The alternate is the better policy - attorneys should use simple judgment at recognizing clearly false testimony and refuse to cooperate in an attempt to present such false information to the court. The SC's 'learned helplessness' approach doesn't further justice. It also indicates a certain contempt for the value of the jurors' time.

ebyrdstarr 3 years, 10 months ago

Have you ever seen one of those convenience store videotapes? I would have a hard time identifying my sister on one, let alone someone I had only met a few times. The evidence that the defendant wanted to introduce at trial, that he had an injury and a job, was not fraudulent. The attorney erroneously thought he couldn't put it on because since he personally believed the defendant was guilty, he couldn't put on evidence that would raise an inference that the defendant was not guilty. So it was the defense attorney who showed contempt for the judicial process, including the jurors, since he thought it was his job to judge the defendant's guilt, not the jurors'.

The Supreme Court was absolutely right in its decision, as was the Court of Appeals before it. The article doesn't make it clear, but the Court of Appeals ruled first and also concluded that the defense attorney was in the wrong and the trial judge should have replaced him.

neolib 3 years, 10 months ago

Poor deductive reasoning. Nowhere in the article does it say that Smith admitted to Rumsey that it was him on the tape nor that Rumsey divulged to Judge Murphy that Smith admitted it to Rumsey.

damnitimpissed 3 years, 10 months ago

It is a very thin line. You can't present false evidence or perjury and yet, vigorously defend your client.

ebyrdstarr 3 years, 10 months ago

The problem here is that the defense attorney wasn't refusing to present false evidence or perjury. He was refusing to put on true evidence that would raise the inference that the defendant could not have committed the crime because the defense attorney was personally convinced that the defendant was guilty. That's not a thin line at all. It's a no-brainer that an attorney who refuses to advocate for a client based on a personal belief in that client's guilt has no business representing that client at trial.

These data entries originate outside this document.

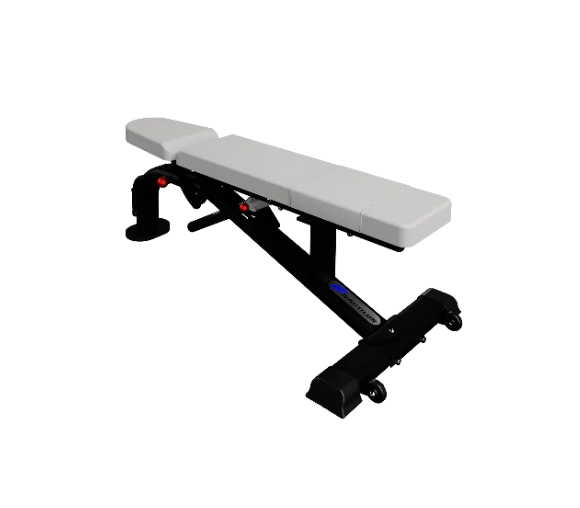 鸚鵡螺槓桿二頭肌彎舉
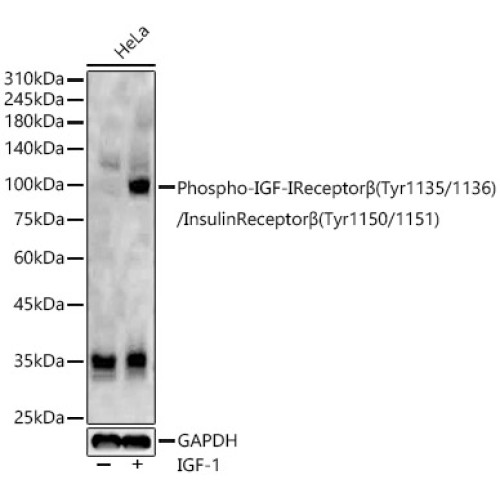 Phospho-IGF-IReceptorβ(Tyr1135/1136)/InsulinReceptorβ(Tyr1150/1151) Rabbit pAb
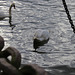 swans in the thames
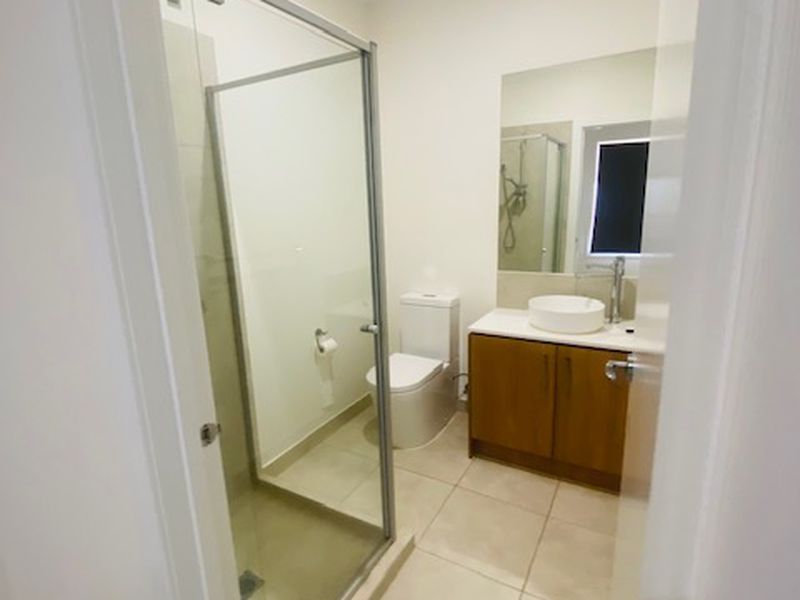 24 Rice Flower, Strathtulloh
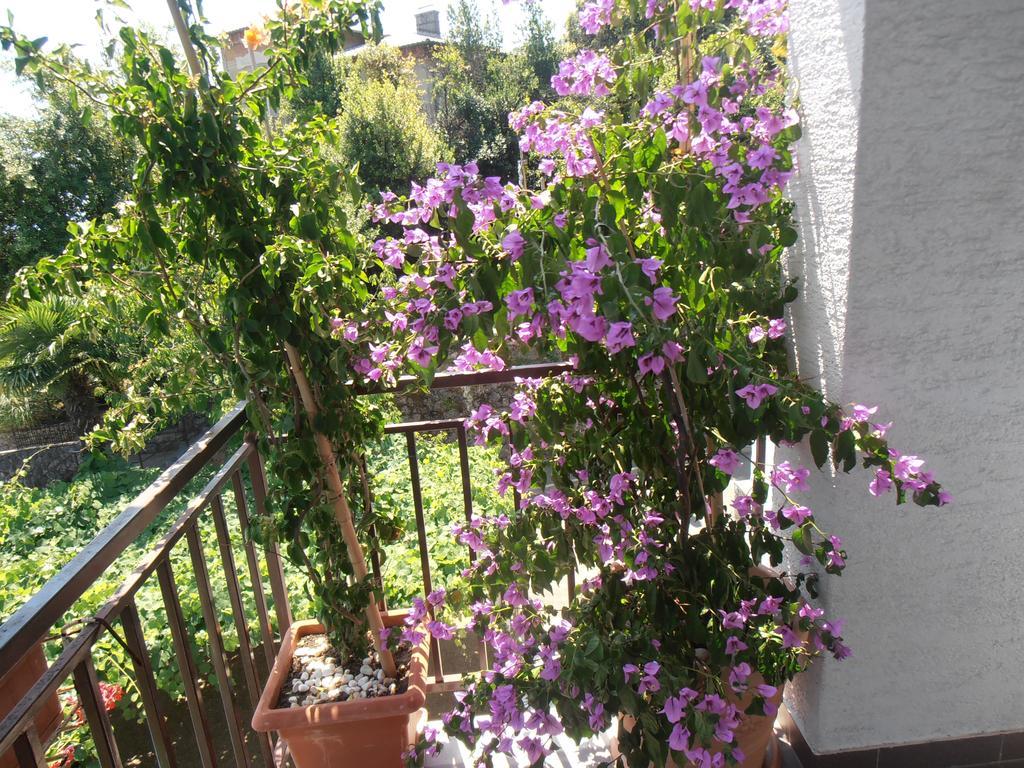 Guesthouse Villa Stanger Lovran Exterior photo
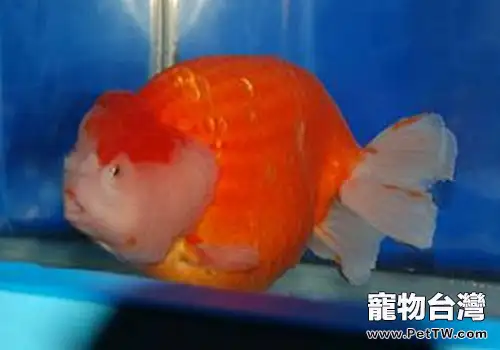 蛋種金魚飼養方法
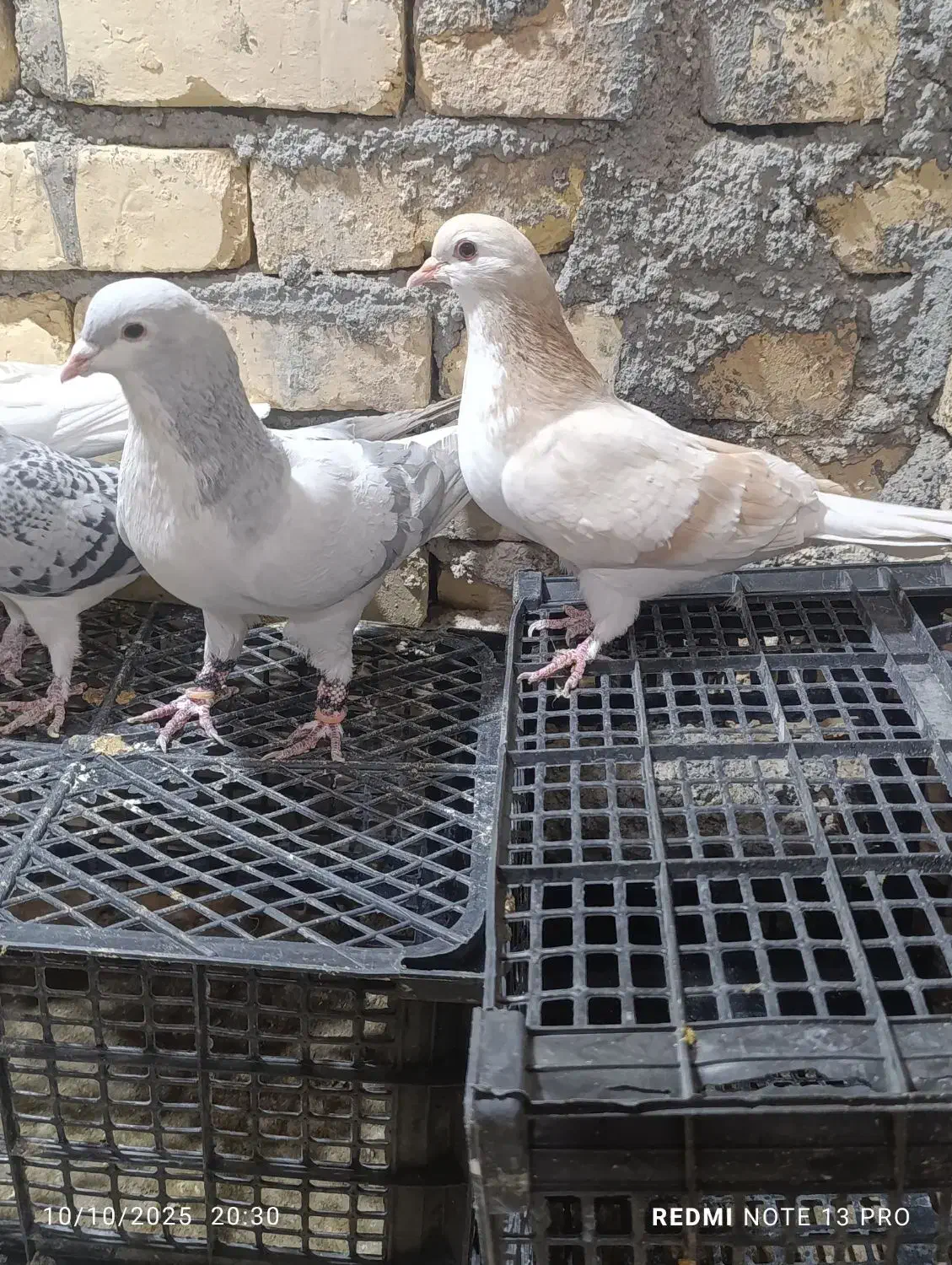 ۲۵کفتر رنگه درجه یک قلدرپابلند|پرنده|کاشمر, |دیوار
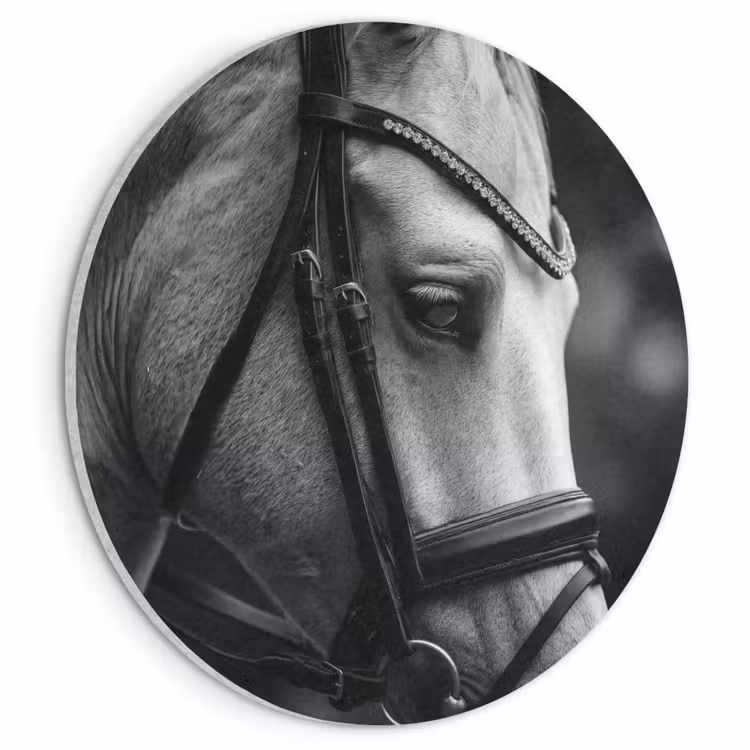 Akoestisch schilderij rond - Paard - Schimmel - Portret — 1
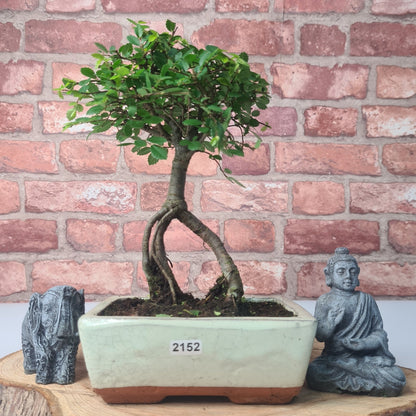 Chinese Elm Bonsai Tree - Bonsai Ulmus Parvifolia In 15cm Pot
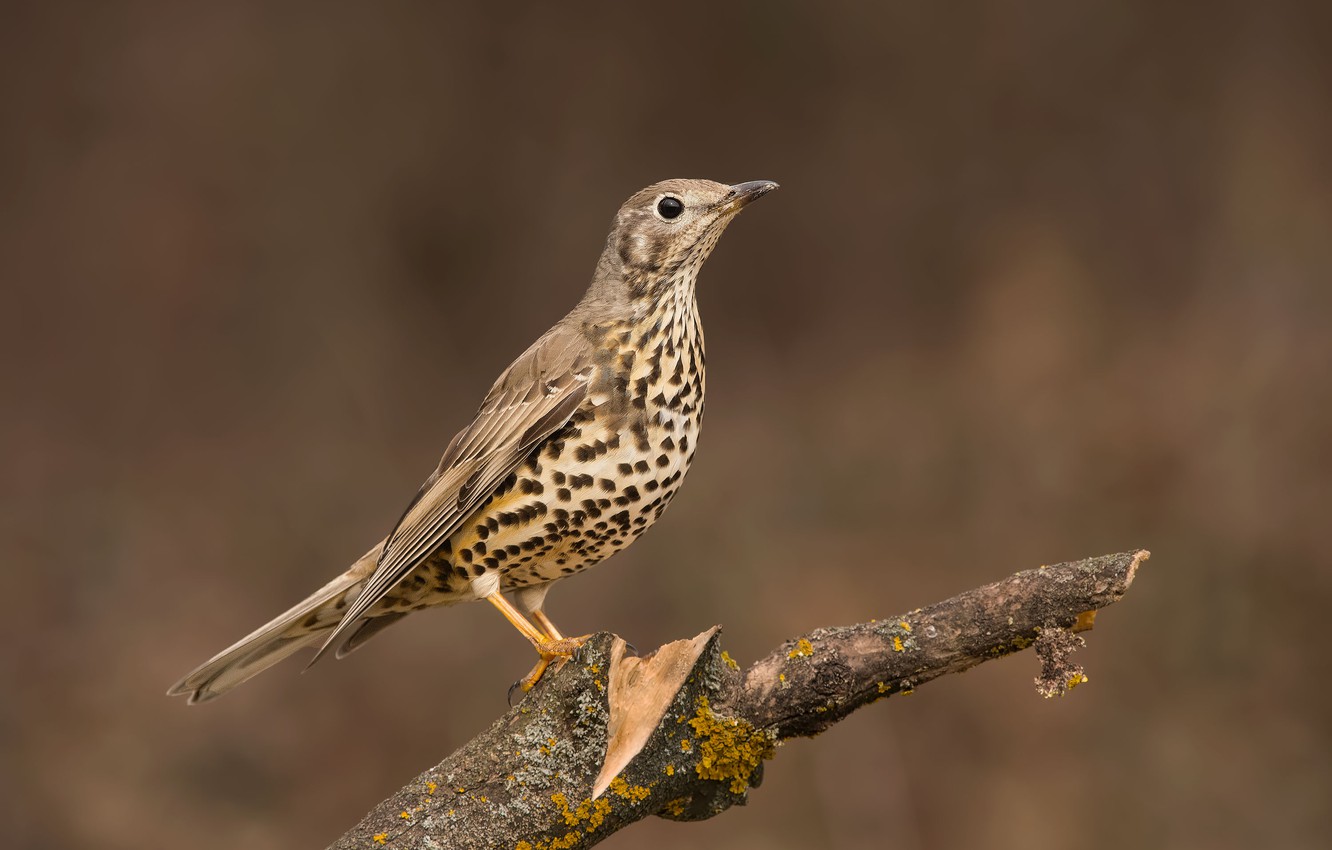 Thrush Wallpapers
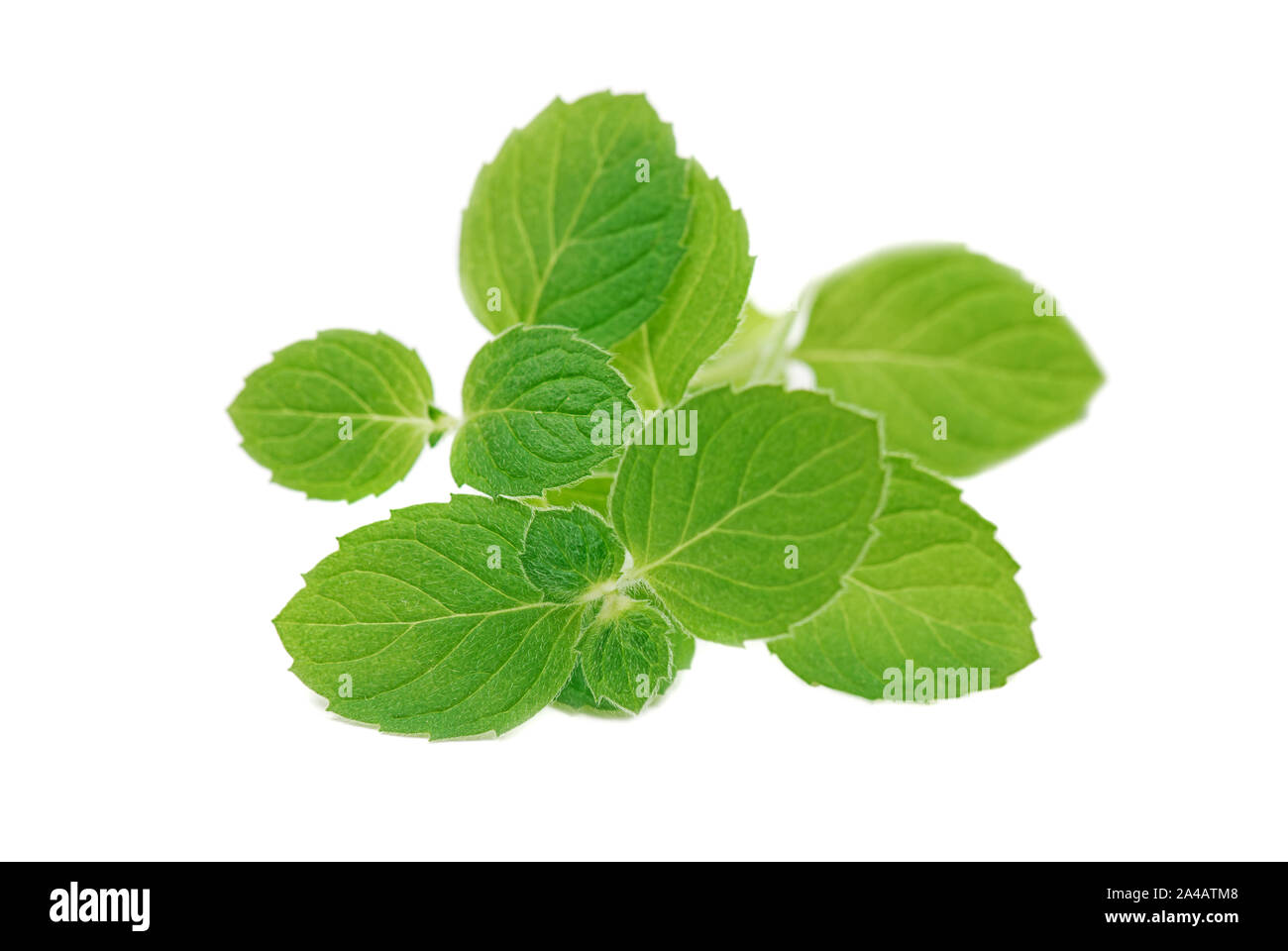 Fresh raw mint leaves isolated on white background Stock Photo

somebodynew 3 years, 10 months ago

I understand your point ebyrdstarr, but if the attorney sees the video and knows that it is his client, then isn't he subborning (whatever spelling is), permitting perjury if he puts witnesses on that he knows are lying ??? That is the way I read this. The attorney knows it is his client on video, but his client wants to bring people in to lie for him.

Now I know that is not uncommon in the judicial system, but here it is on tape. Sounds like a song ..."it wasn't me....."

ebyrdstarr 3 years, 10 months ago

That isn't what happened here. The evidence the defendant wanted put on was true. He wasn't asking the attorney to suborn perjury. But the defense attorney thought he couldn't put on even true evidence from which the jury could infer the defendant was not guilty because the defense attorney had independently decided the defendant was guilty. That's just absurd.

Oh, and have you ever seen those gas station surveillance videos? There's almost no way to conclusively identify someone. And in the decision, the court noted that the video was dark and grainy. The idea that a defense attorney could so conclusively decide that his client is guilty just from one of those videos, and thus refuse to put on true evidence that might suggest the defendant had no motive to commit the crime, is appalling.

damnitimpissed 3 years, 9 months ago

Damn it. I leave my account signed in for five minutes and my lovely partner throws me under the troll bus.